--- What is being asked ---
Only the lines from the one with "Pre Owned Louis" to the end of the listing below should be set down, exactly as written and without any pictures.

--- Dataset content ---
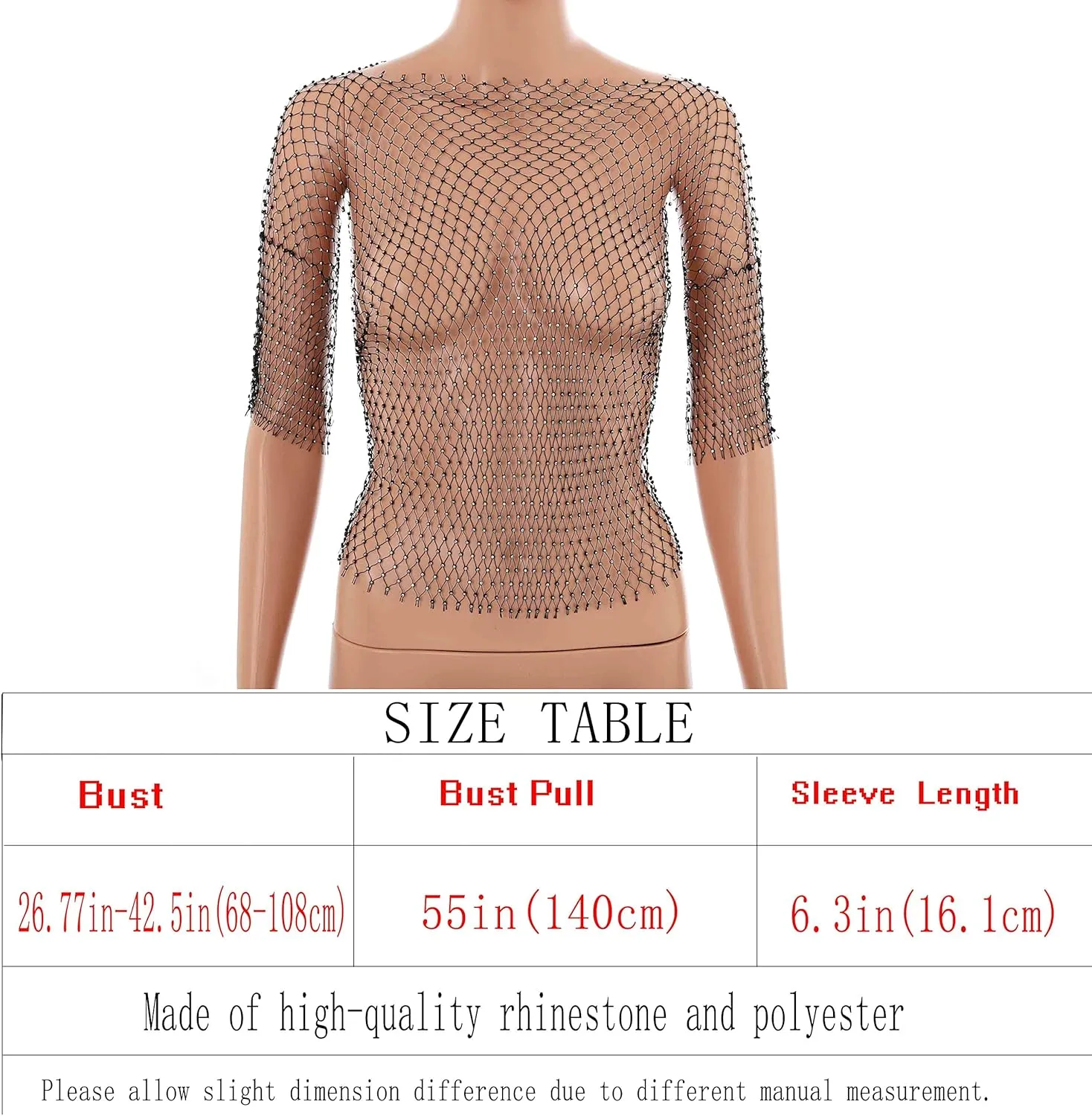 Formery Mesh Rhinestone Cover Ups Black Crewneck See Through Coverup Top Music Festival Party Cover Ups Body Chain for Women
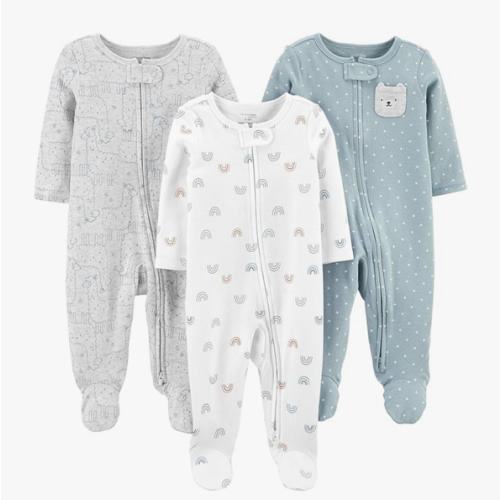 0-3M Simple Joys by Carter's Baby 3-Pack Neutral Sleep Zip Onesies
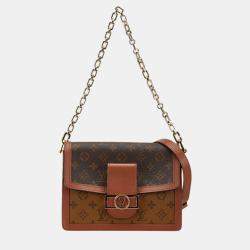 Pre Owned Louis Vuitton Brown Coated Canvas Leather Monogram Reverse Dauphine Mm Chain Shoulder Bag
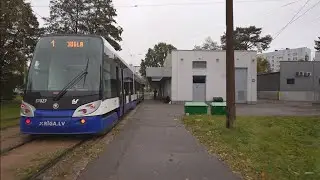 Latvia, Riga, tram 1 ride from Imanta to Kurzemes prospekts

--- Written solution ---
 Pre Owned Louis Vuitton Brown Coated Canvas Leather Monogram Reverse Dauphine Mm Chain Shoulder Bag
 Latvia, Riga, tram 1 ride from Imanta to Kurzemes prospekts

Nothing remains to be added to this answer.